• Exercise details
What you write must match, character for character, the lines from the one with "91 Hilton Road" down to the one with "Toyota Camry Vehicle Image 15" in the listing below, minus its pictures.
- - - - - - -
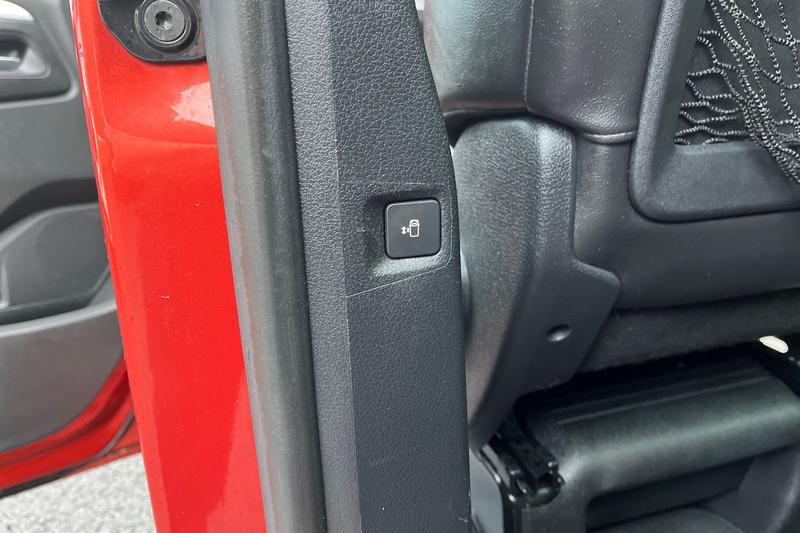 Used Peugeot Traveller for sale - 76862417: Photo 26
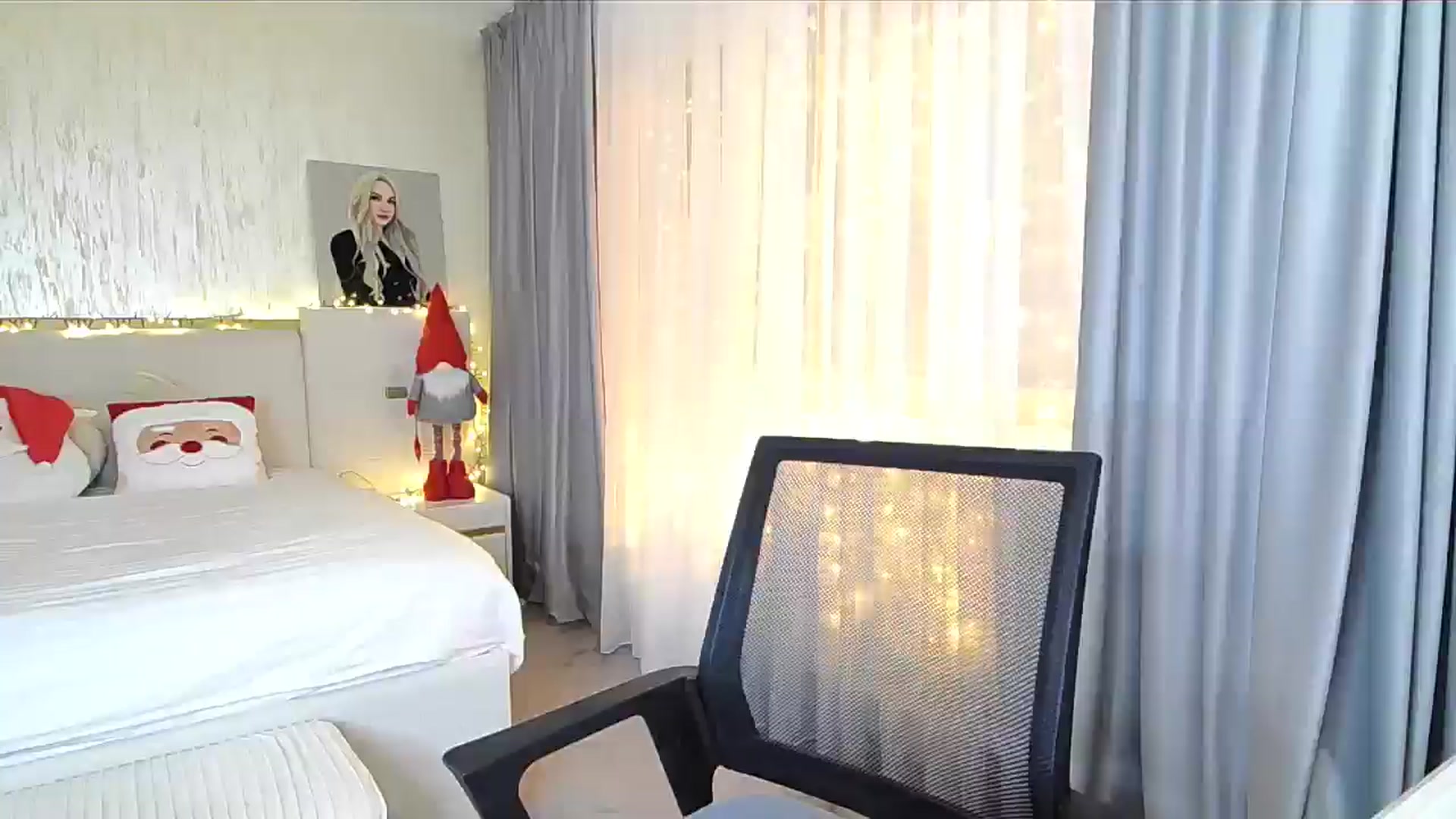 Gallery image thumbnail from BlondeIsBack's myfreecams stream on, 12/06/2024, 01:31 image 15 of 20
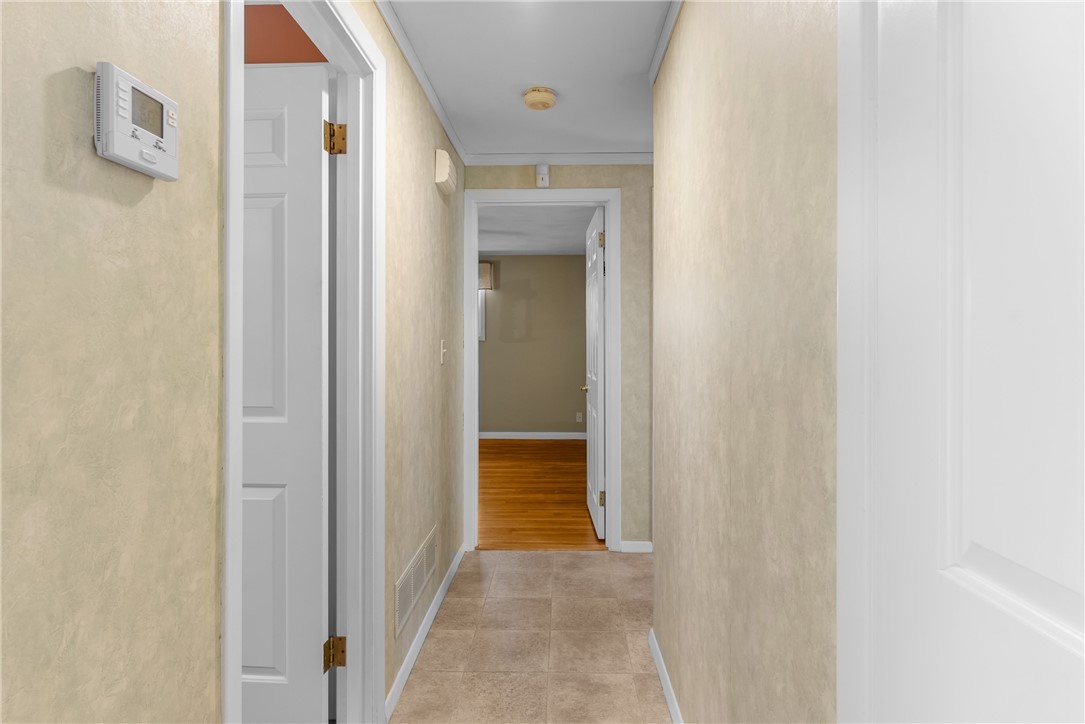 91 Hilton Road Warwick, RI 02889 - Photo 18 of 46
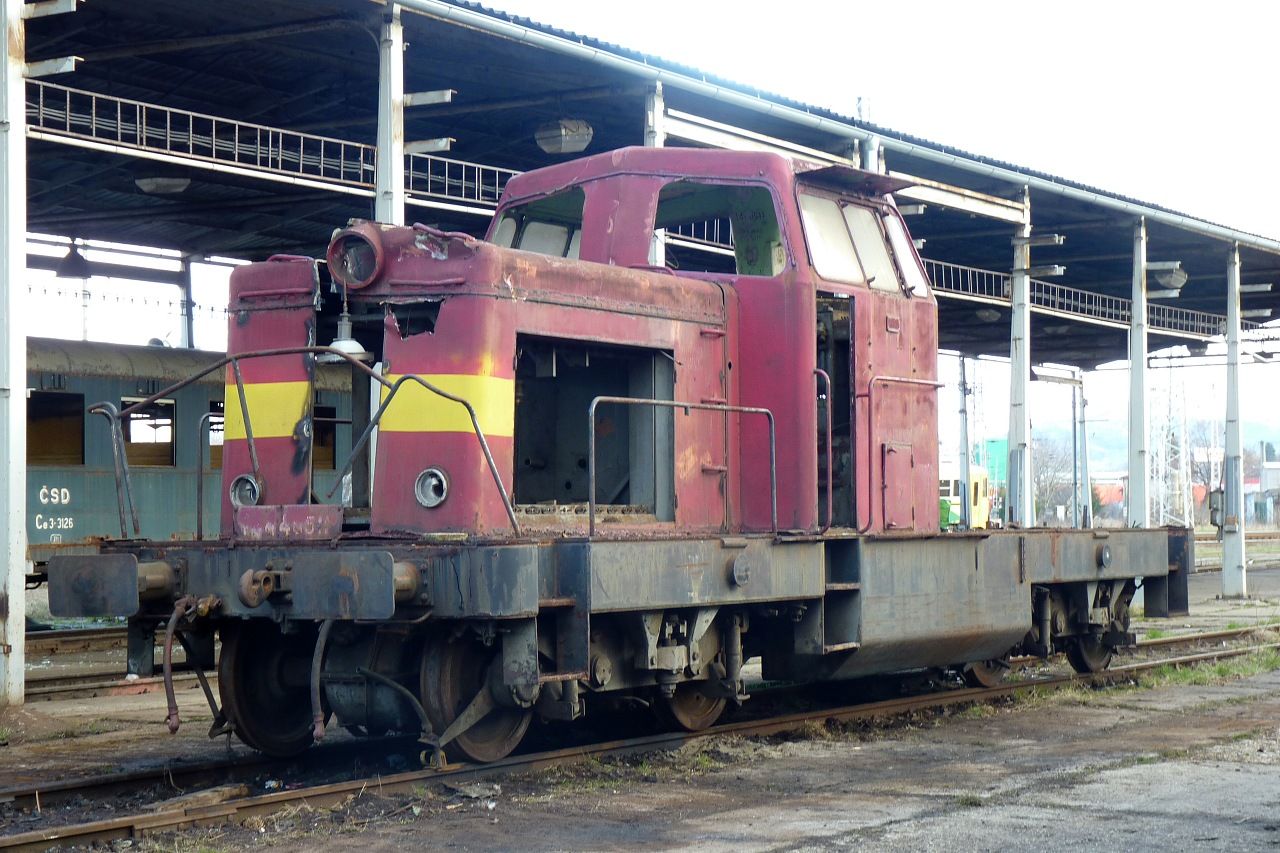 725.511, Vala�sk� Mezi����, 8.4.2012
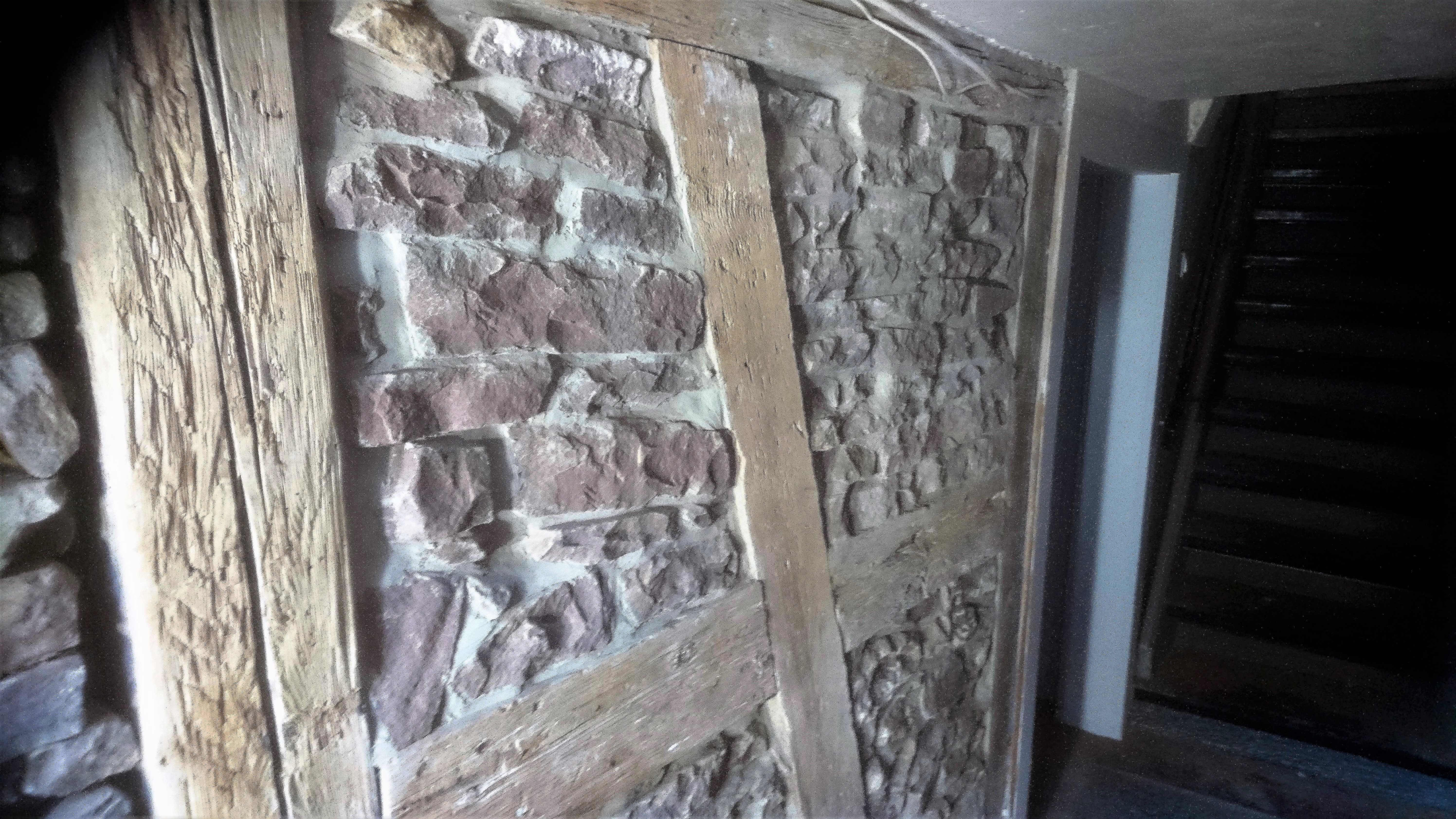Ursprüngliche Steinwand
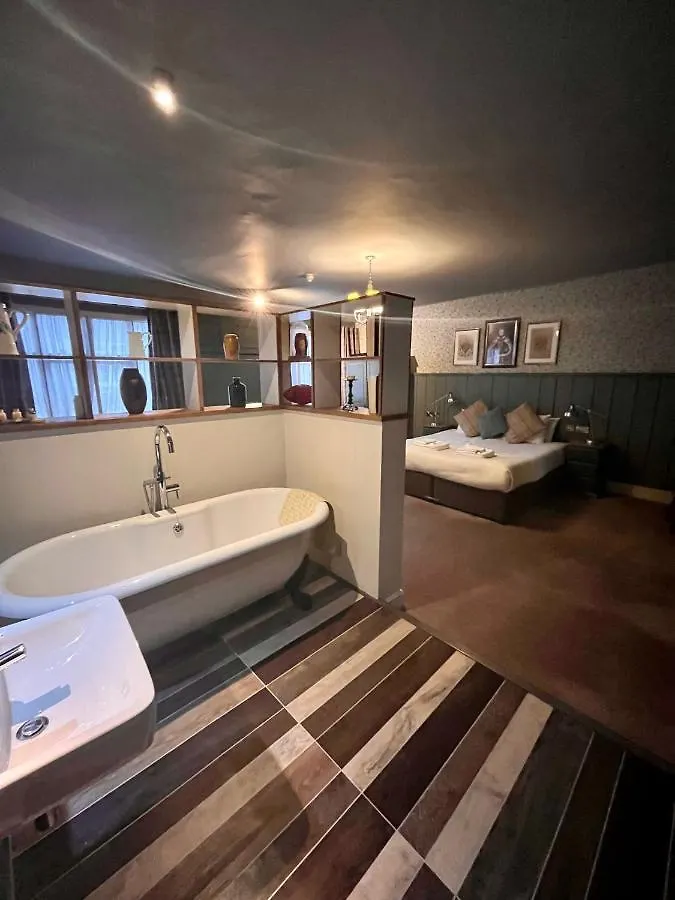 The Ostrich Inn Colnbrook London Heathrow Slough
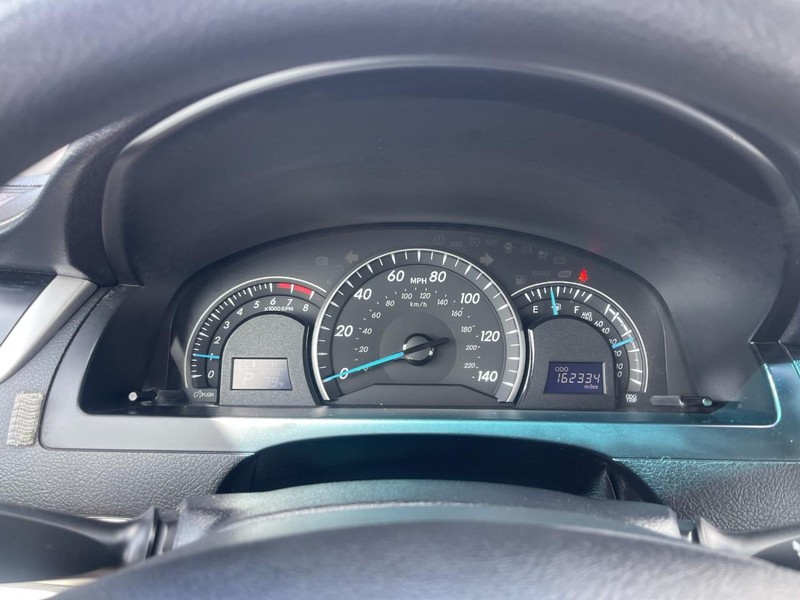 Toyota Camry Vehicle Image 15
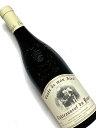 Pierre Usseglio Ch&#226;teauneuf du Pape Cuv&#233;e de Mon A&#239;eul 赤ワイン　750ml [AOC］シャトーヌフデュパプ [評　価］98点 The best bottle of this I've had (and I've had plenty),&nbsp;Usseglio's 2003 Chateauneuf du Pape Cuvee de Mon Aieul is a&nbsp;blockbuster and one of the true stars of this vintage. Almost&nbsp;all Grenache (there's a small part of Syrah and Cinsault)&nbsp;that was harvest between September 1-13, partially destemmed&nbsp;and aged in both tank and foudre, this massive, voluptuous&nbsp;effort is almost overflowing with notes of ground herbs,&nbsp;chocolate dusted meats, black fruits and licorice. Showing&nbsp;none of the negative traits of the vintage, with beautiful&nbsp;purity and freshness, sweet tannin, and a great finish, enjoy&nbsp;this utterly hedonistic beauty over the coming 4-5 years. Special Report (Sep 2015), The Wine Advocate(14th Sep 2015) 20歳以上の方のみご購入いただけます。ヴィンテージワインの購入に伴うリスクをご理解の上、お買い求めください。■Pierre Usseglio　ピエール ユセリオ 　ティエリーとジャンピエールの兄弟が造り出すワインは今や 　シャトーヌフのトップクラスの実力を持つまでになりました。 　力強さも凝縮感も素晴らしいレベルにありますが、残念ながら 　この素晴らしいドメーヌは日本にあまり入荷されておりません。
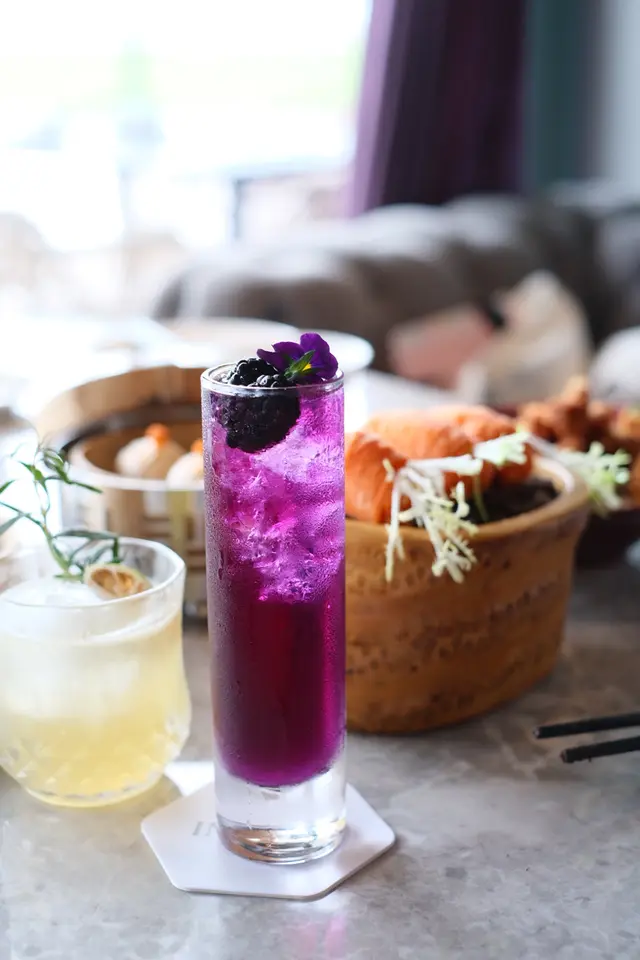 Purple (Gin & Tonic)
- - - - - - -
• Reply to the exercise
 91 Hilton Road Warwick, RI 02889 - Photo 18 of 46
 725.511, Vala�sk� Mezi����, 8.4.2012
Ursprüngliche Steinwand
 The Ostrich Inn Colnbrook London Heathrow Slough
 Toyota Camry Vehicle Image 15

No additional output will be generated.